General Guidelines: When using GraphEmbed: - Naming Conventions: Entities can be referenced by labels or IDs. If your data is RDF-based, consider using consistent prefixes (you can set a default base URI via a config or environment variable). For example, if you have a base http://example.com/ns#, an entity with label Alice might be expanded to <http://example.com/ns#Alice>. The CLI tries to manage this transparently. Avoid using spaces in identifiers unless you quote them properly in the shell. - File Handling: Always specify the correct file paths for import/export. The tool will not overwrite an existing file on export unless --overwrite is provided. On import, the graph in memory is appended to by default; use --clear before import if you want to replace the current graph. - Memory and Performance: GraphEmbed loads entire files into memory. Very large knowledge graphs (e.g., millions of triples) might cause high memory usage. In such cases, consider splitting data or using an external database. For embeddings, generating vectors is computationally intensive; model loading happens once per session for reuse, but each embed call will use CPU (or GPU if supported by the backend) to compute the vector. Batch embedding is supported via an input file or pipe to avoid reloading the model repeatedly. - Extensibility: The CLI is designed to be extensible. You can configure it to use different embedding models or graph stores by editing a config file (usually ~/.graphembed/config.toml) or using environment variables. For example, GRAPHEMBED_MODEL_DIR can point to a directory of local models to avoid downloads. Future plugins might allow custom relationship types or integration with external vector databases for similarity search.

Workflow

Using GraphEmbed involves a series of steps from setup to results.
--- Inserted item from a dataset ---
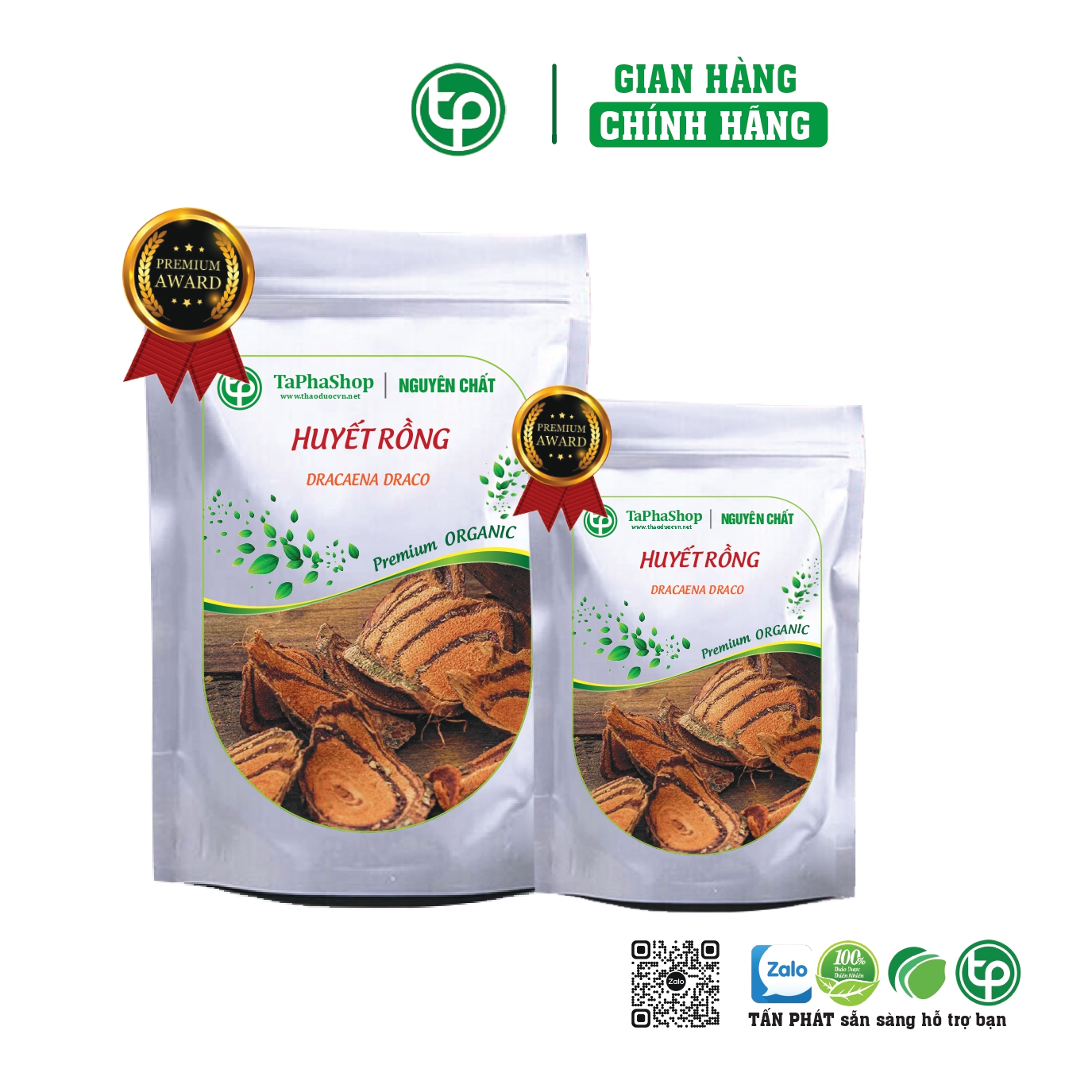 Huyết rồng hỗ trợ điều trị viêm khớp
Below is a typical workflow for setting up the tool and utilizing its features:

  1. Setup and Installation: Install the GraphEmbed CLI tool using Cargo or download the binary. Ensure that all dependencies (Rust standard libraries, any needed system libraries for ML like Intel MKL if using CPU acceleration for embeddings) are in place. For example, on Linux you might need libtorch if using the Torch backend, but the Rust crate typically includes it or downloads it automatically.
  2. Initialize a Knowledge Graph: Start a new knowledge graph or import an existing one. For a new graph, you can skip directly to adding entities. To import, run graphembed import data.jsonld (replace with your file). Verify that the CLI reports the number of triples or nodes loaded. If you have multiple files, import them one by one (the graph will accumulate data).
  3. Generate or Ingest Embeddings: If you have text data that needs embeddings, use the embed command. For a single piece of text: graphembed embed "Your text here..." > vec.json. This will output the embedding vector (e.g., as a JSON array or a space-separated list). For batch processing, you could pass a file: graphembed embed --input texts.txt --output vectors.csv. This reads multiple lines of text from texts.txt and writes corresponding vectors (one per line) to a CSV. If you already have embeddings (from Python or another source), prepare them in a CSV or JSON format and use graphembed import vectors.csv to ingest. After this step, your graph may have entities with associated embedding vectors.
  4. Add Entities and Relationships: Use add-entity and add-rel commands to build or extend your knowledge graph. For instance, after importing base data, you might want to add a new entity that wasn't in the original file: graphembed add-entity "Carol" --type Person. Then link Carol to existing entities: graphembed add-rel "Carol" "knows" "Alice". Continue to use add commands for any new knowledge you want to capture. Each operation will update the in-memory graph and confirm the addition.
  5. Update and Delete Operations: If you discover mistakes or need to change the graph, use update or delete. For example, if Carol's name was misspelled, graphembed update entity "Coral" --rename "Carol" (or similar) could fix it. To remove a relationship, graphembed delete rel "Carol" "knows" "Alice" will delete that edge. Always double-check with a query or visualize after modifications to ensure the graph is in the desired state.
  6. Query the Graph: Now that your graph is populated and possibly enriched with embeddings, retrieve information using queries. For example, to find all friends of Alice: graphembed query "Alice -> knows -> ?friend". The tool will output matches, e.g., "friend = Bob, Carol". If SPARQL is enabled and you prefer that, use a full SPARQL query for more complex patterns or filtering. At this stage, you could also perform semantic similarity by combining embeddings and structure: while GraphEmbed doesn't directly do vector similarity queries in this version, you can manually take two entity embeddings (via embed or from stored data) and compute cosine similarity using an external tool or a small script.
  7. Visualize (Optional): For a quick visual check of part of the graph, run graphembed visualize --focus Alice -o subgraph.dot. This generates a DOT file for Alice and her neighbors. Run Graphviz or an online DOT viewer to see the graph image. This step helps in presentations or just sanity-checking the relationships.
  8. Export the Graph: Once you are satisfied with the graph's content, save it. Use graphembed export -f turtle -o output.ttl to get a Turtle file or -f jsonld for JSON-LD. The exported file can be shared, loaded into other tools, or kept as a persistent store of the knowledge graph. If your workflow is iterative, you might export after each session as a backup.
  9. Re-running and Automation: The above steps can be repeated or scripted. Because GraphEmbed is a CLI, you can include it in shell scripts or integrate with other processes. For example, you could have a nightly job that regenerates embeddings for new text and updates a knowledge graph, using a series of graphembed commands in sequence. The tool's output is designed to be parseable (CSV, JSON, or plain text options for commands) so it can fit into larger data pipelines.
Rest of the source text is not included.